[Crawled caption data]
--

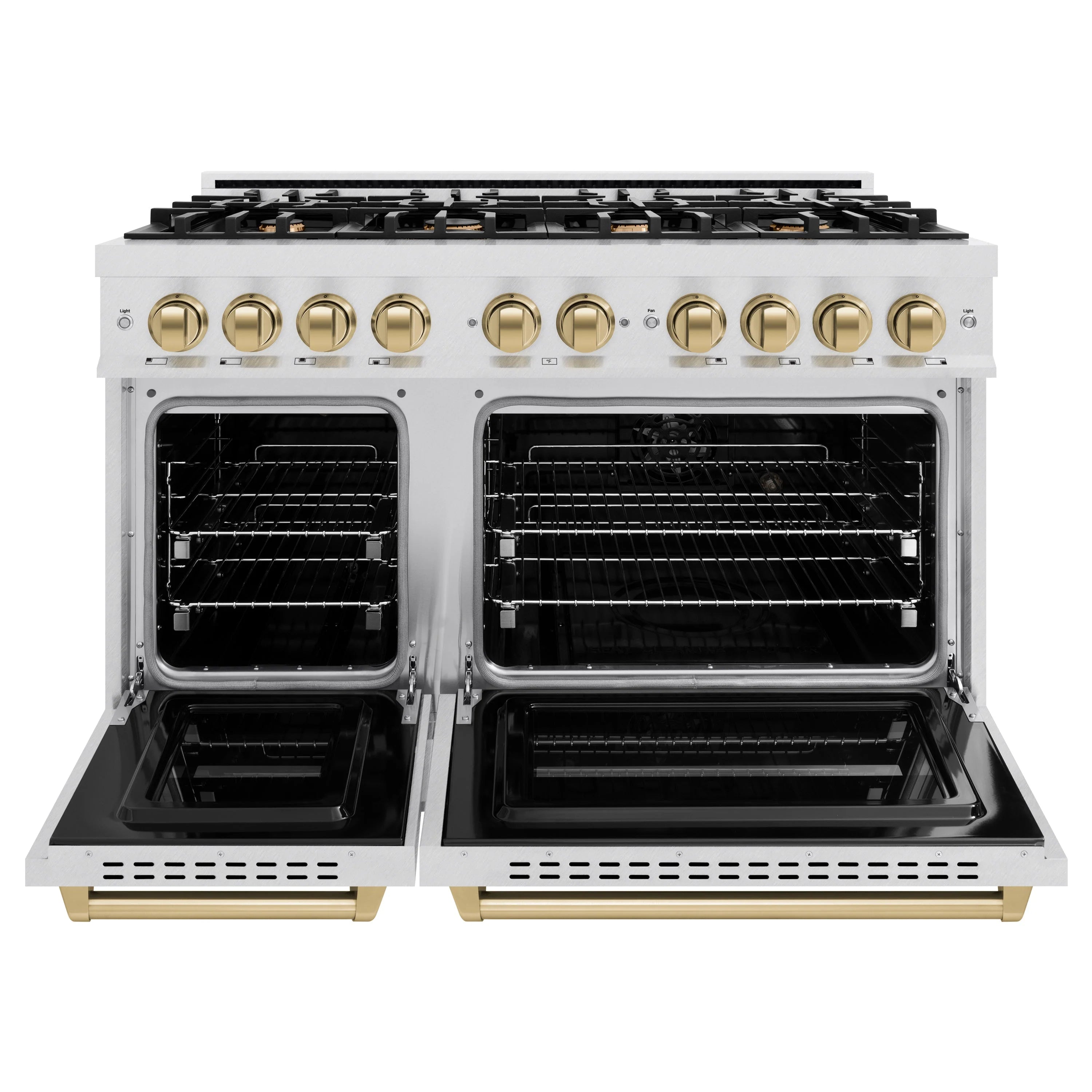 Open twin oven doors with racks inside on satin stainless gas range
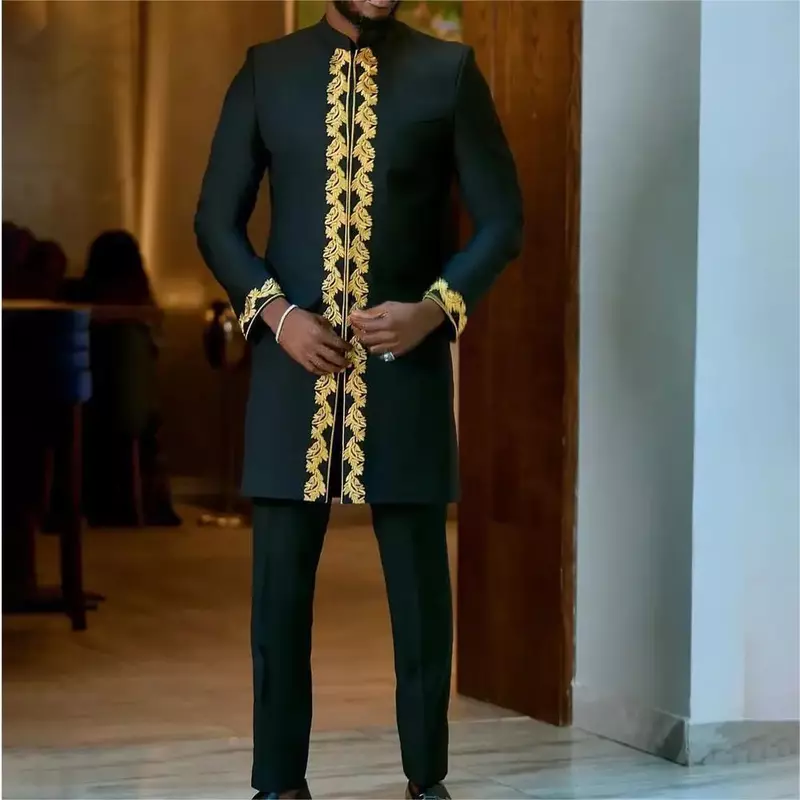 Kaunda-Ensemble de smoking de luxe pour hommes, tenues trempées, haut à poches, pantalon, ethnique africain, mariage, gentleman, 2 pièces, 2024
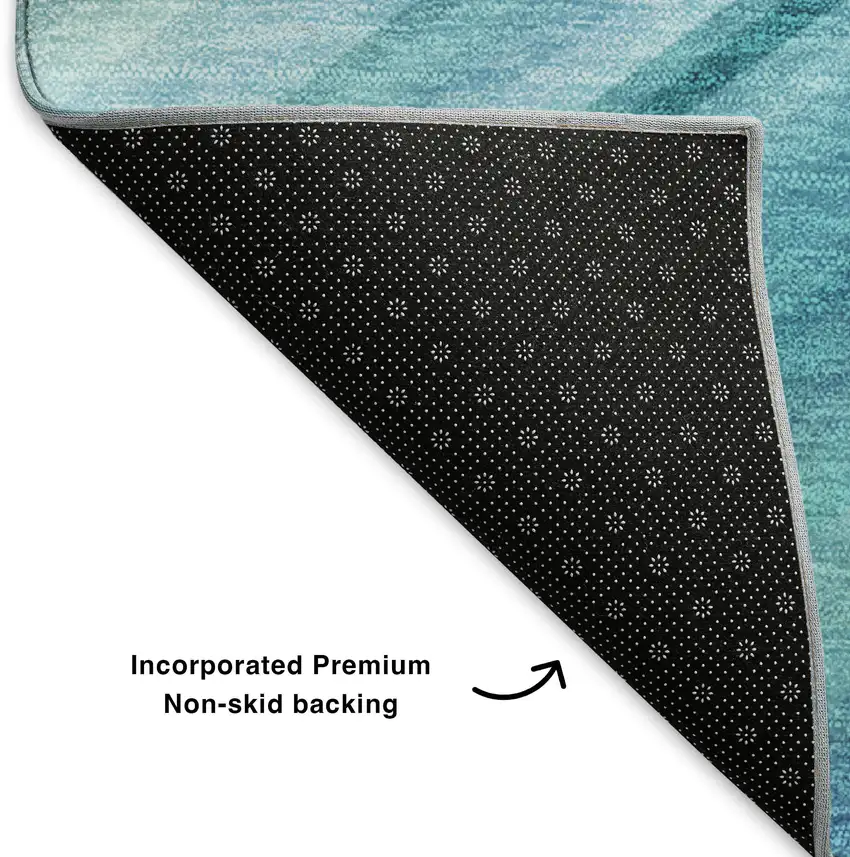 Teal And Ivory Abstract Washable Area Rug With UV Protection Photo 8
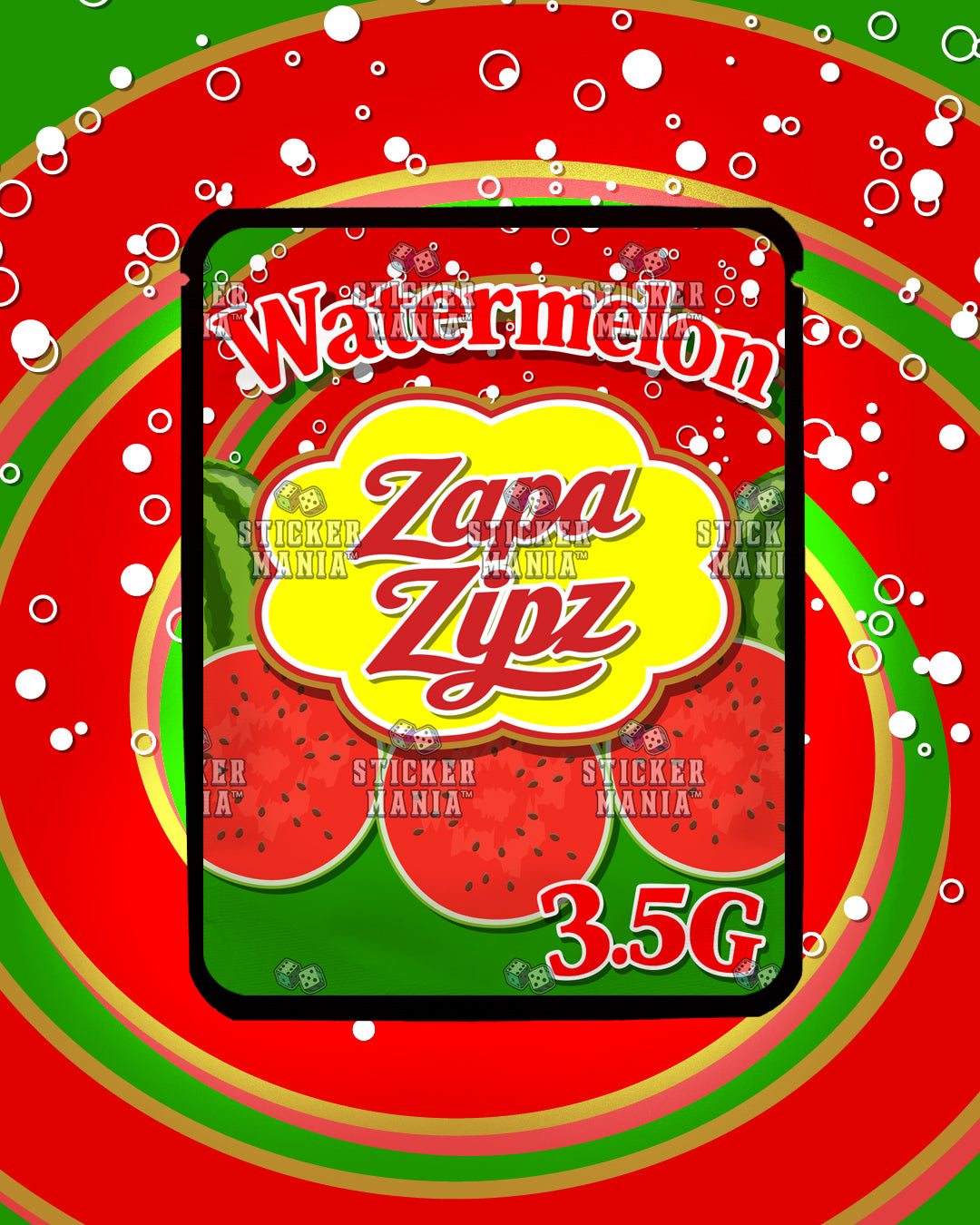 Zapa Zipz Watermelon | Pre-Made Sticker Bag | 3.5g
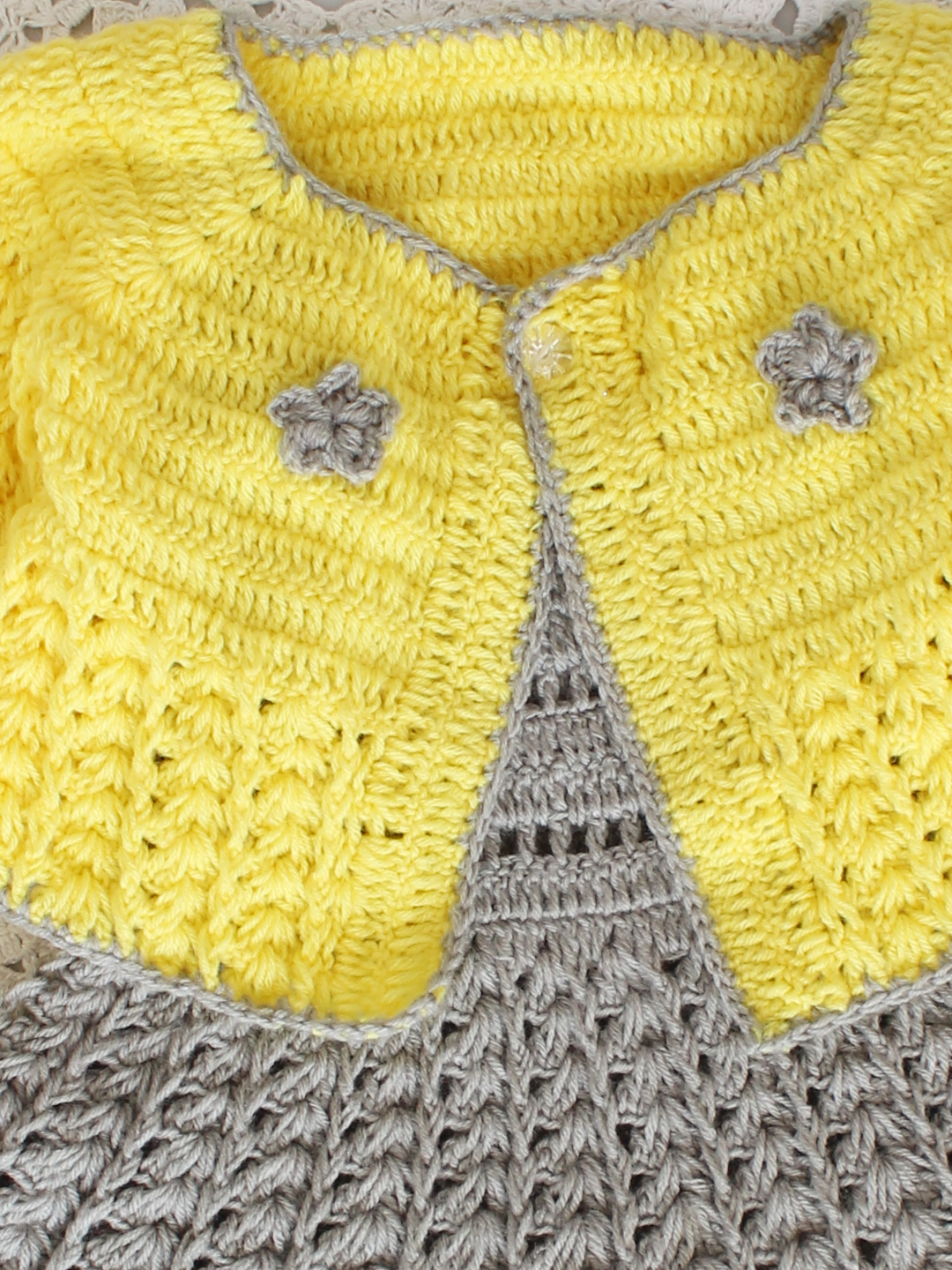 Handmade Crochet Baby Girl Winter Dress for Newborn - Grey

--

§ **Task directions**:
Transcribe all the records above word for word, without their images.

§ **Solution for this exercise**:
 Open twin oven doors with racks inside on satin stainless gas range
 Kaunda-Ensemble de smoking de luxe pour hommes, tenues trempées, haut à poches, pantalon, ethnique africain, mariage, gentleman, 2 pièces, 2024
 Teal And Ivory Abstract Washable Area Rug With UV Protection Photo 8
 Zapa Zipz Watermelon | Pre-Made Sticker Bag | 3.5g
 Handmade Crochet Baby Girl Winter Dress for Newborn - Grey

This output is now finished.